## PROMPT
Write the records out once more, so that nothing differs from the original.

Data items
..........
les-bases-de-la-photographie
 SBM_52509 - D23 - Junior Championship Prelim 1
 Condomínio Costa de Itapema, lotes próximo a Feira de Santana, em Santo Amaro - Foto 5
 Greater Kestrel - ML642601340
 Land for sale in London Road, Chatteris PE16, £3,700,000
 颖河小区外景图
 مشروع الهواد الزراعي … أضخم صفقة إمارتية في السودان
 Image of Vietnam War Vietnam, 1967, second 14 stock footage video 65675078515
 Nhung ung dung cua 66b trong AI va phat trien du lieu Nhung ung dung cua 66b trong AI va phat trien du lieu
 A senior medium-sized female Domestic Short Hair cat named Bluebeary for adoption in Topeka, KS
..........
## EXERCISE SOLUTION
les-bases-de-la-photographie
 SBM_52509 - D23 - Junior Championship Prelim 1
 Condomínio Costa de Itapema, lotes próximo a Feira de Santana, em Santo Amaro - Foto 5
 Greater Kestrel - ML642601340
 Land for sale in London Road, Chatteris PE16, £3,700,000
 颖河小区外景图
 مشروع الهواد الزراعي … أضخم صفقة إمارتية في السودان
 Image of Vietnam War Vietnam, 1967, second 14 stock footage video 65675078515
 Nhung ung dung cua 66b trong AI va phat trien du lieu Nhung ung dung cua 66b trong AI va phat trien du lieu
 A senior medium-sized female Domestic Short Hair cat named Bluebeary for adoption in Topeka, KS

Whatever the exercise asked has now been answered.